In a central location on the Delft University of Technology campus, the educational building ECHO was proposed in 2017. The construction is designed to offer maximum flexibility. A superstructure is placed on 8 fixed “table legs” serving as cores, containing lifts, stairwells, shafts, toilets and other technical areas.
The amphitheatre and large lecture rooms are separate from the primary supporting structure, ensuring the entire building can be delivered column-free and is highly flexible in terms of its layout and for future adaptations in education. For the façade a vertical modular sawtooth profile has been chosen, closed on one side and transparent on the other.
The closed side makes it possible to connect flexible walls to the façade in the future. The sun-oriented roof also consists of a sawtooth profile, incorporating PV panels, which continue onto the façade. Echo has a powerful all-round appearance. The central atrium creates a fluid connection between inside and outside: a real Living Campus! A healthy and pleasant interior climate forms the basis for a good working and learning environment. This is based on individual controllability, good ventilation, acoustic absorption and pleasant light levels.
Echo gets pleasant daylight entry through the use of north-oriented shed roofs, high vertical glass sections in the sawtooth facade and a recessed transparent plinth at ground level. A large void in the middle of ECHO ensures that daylight penetrates deep into the building. High sustainability ambitions in this assignment require an integrated approach and ECHO should become truly energy neutral, a challenging task that we have tackled with a strategy based on the motto: “calculate first, then draw”.
We have chosen to make a compact building with a relatively limited glass percentage across all floors. Smart building technologies have been implemented in ECHO with a “sensory network” throughout the building, which tracks data about the indoor climate, occupancy and visitor flows over time.

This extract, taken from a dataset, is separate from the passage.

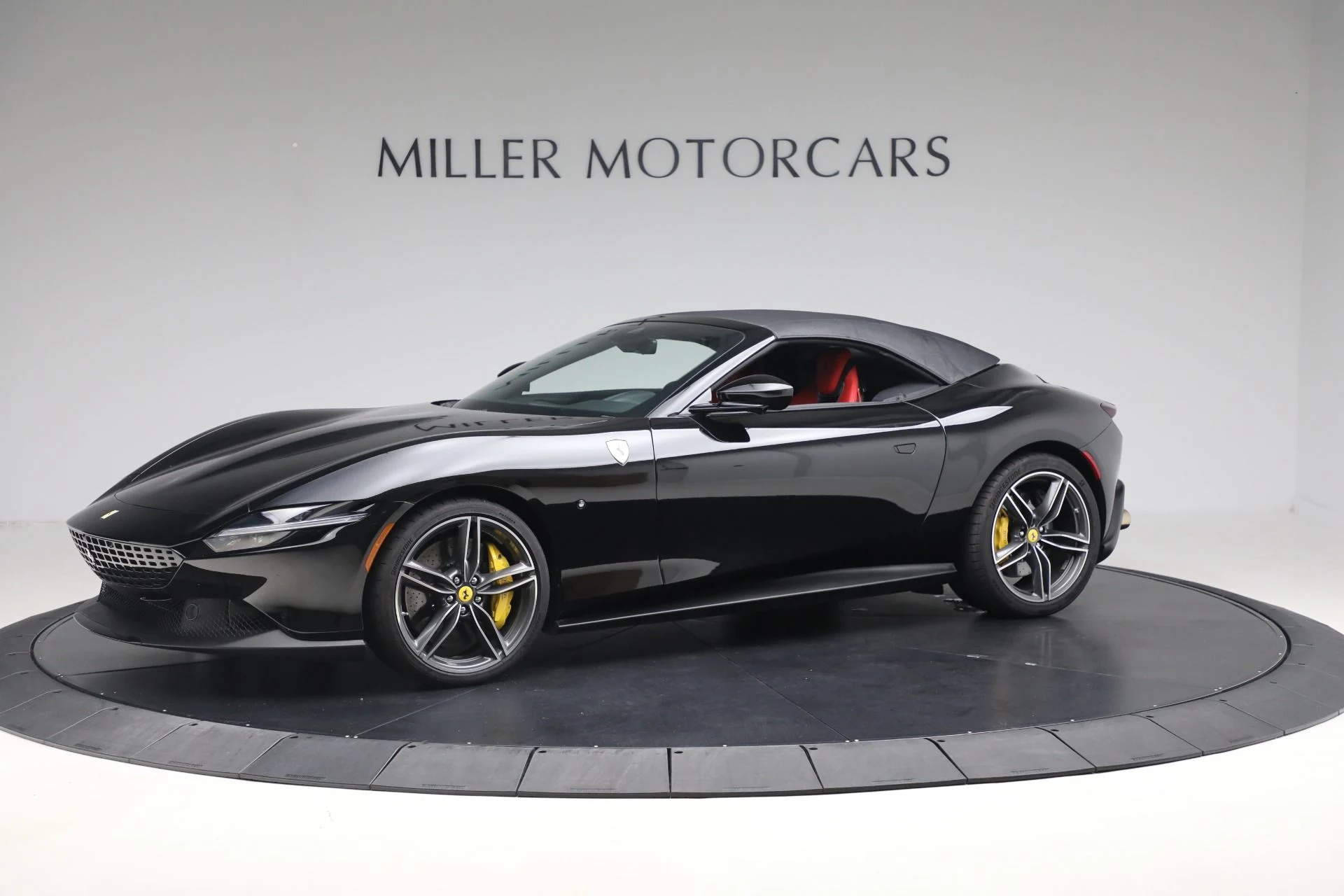 mph023_3059538316_Used_2024_Ferrari_Roma_Spider_1759961484_a48f245322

Via Analytics, data can be processed into valuable information about the operation costs of the building. Via the façade, ECHO functions as a kind of wind-driven cooler in the intermediate and winter season and as a heat harvester in the summer. By applying low glass percentages and a minimal investment in PV panels, we keep the environmental impact low. The loose and permanent design can look at the use of circular materials and products, in order to respond to flexibility in use, adaptations to the changing future and sustainability.